Most of us in IT are very focussed on the delivery of functionality through software and we take for granted the platform it has to run on. I have recently become aware of just how involved it can be to ensure the availability of basic infrastructure.

Major concerns of data centre managers today include thermal management and achieving server density. It appears that even data centres built in only the last few years are struggling to cope with the demands that modern blade-based clusters can impose of heat management. And it is not just getting the heat out that is a major concern—there is also the issue of getting the power in. Today’s systems are not only dense, but that density is also very power hungry and that demand can exceed the capability of the local grid to supply the power required.

One company that I have had dealings with has had to ban their employees from using Christmas decorations because of fear that the additional power demands could be the final straw that broke that particular camels back. Another company has had to take away the ovens that used to produce baked potatoes for the staff at meal times because they too jeopardised the power supply that the servers rely on.

And it is not just power that is a major cause for concern, I have come across those who have been busy buying blade servers and moving all of their voice communications to run over the internet who now have major problems at getting the heat out of the server farms and are being told to look at water cooling.

One contact has informed me that one of the problems they faced with blades is that although they share the same form factor they do not share common design for ducting air in and out and as a consequence they had a major problem of unreliability because they had racks in which one blade was pumping hot air into another’s inputs and as a consequence overheating their neighbours. As you are probably aware with all electronic equipment once it gets too hot it becomes unreliable; in particular the power supplies and the hard drives and the fans will start to fail.
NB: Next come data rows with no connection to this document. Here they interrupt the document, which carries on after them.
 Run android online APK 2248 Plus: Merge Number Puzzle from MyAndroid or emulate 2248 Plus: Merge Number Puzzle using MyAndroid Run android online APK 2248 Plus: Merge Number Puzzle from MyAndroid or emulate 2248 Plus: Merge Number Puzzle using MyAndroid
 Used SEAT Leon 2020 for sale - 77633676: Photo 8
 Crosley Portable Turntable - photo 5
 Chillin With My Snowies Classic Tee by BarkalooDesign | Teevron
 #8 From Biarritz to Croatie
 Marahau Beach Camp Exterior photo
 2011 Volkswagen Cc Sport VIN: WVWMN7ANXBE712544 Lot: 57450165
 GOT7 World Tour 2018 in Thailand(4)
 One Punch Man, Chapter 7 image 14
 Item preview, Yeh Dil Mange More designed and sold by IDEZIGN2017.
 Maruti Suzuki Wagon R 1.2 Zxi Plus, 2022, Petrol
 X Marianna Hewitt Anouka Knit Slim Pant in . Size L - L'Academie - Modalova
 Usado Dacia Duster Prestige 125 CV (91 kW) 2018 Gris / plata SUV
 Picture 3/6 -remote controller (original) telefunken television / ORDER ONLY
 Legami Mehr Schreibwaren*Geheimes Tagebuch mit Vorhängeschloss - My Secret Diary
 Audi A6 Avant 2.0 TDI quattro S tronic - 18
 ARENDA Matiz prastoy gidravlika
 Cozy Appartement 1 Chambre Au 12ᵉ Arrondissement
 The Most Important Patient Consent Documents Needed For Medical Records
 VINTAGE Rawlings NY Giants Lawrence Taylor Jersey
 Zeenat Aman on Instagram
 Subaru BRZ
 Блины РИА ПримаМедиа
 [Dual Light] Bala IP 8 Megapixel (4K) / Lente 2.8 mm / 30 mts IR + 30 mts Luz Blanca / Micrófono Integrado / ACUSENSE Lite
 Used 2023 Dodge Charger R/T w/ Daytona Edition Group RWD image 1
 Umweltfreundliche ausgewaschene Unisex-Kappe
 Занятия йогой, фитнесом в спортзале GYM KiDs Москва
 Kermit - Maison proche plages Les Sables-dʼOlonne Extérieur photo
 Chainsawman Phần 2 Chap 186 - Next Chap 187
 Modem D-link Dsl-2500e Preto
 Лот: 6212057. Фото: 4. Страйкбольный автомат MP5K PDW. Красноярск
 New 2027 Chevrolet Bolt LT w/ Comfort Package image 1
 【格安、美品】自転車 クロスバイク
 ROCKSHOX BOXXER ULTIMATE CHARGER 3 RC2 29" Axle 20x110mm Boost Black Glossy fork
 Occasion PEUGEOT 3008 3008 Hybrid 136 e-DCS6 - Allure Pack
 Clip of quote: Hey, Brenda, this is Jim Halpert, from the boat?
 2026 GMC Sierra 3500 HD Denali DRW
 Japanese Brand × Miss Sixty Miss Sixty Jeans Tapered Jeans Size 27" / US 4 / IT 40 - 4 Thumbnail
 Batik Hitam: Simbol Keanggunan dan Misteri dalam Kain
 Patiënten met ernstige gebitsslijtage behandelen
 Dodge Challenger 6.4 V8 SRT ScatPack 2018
All failures will increase the cost and impact on systems availability.
My former colleagues at HP are busy working with Oracle to find ways to help people finance a move to grid computers. The problem they face is that as we moved away from mainframes to server farms we have got accustomed to making each project bear their own infrastructure costs, with no concept of sharing resource. Grids like mainframes are a shared resource which needs to be paid for upfront and then the cost recouped by those who subsequently use it.

So it appears that those of us who are only concerned with delivering software functionality are operating in blissful ignorance of the challenges of those who we think just have to get some tin and wire for our applications to run on.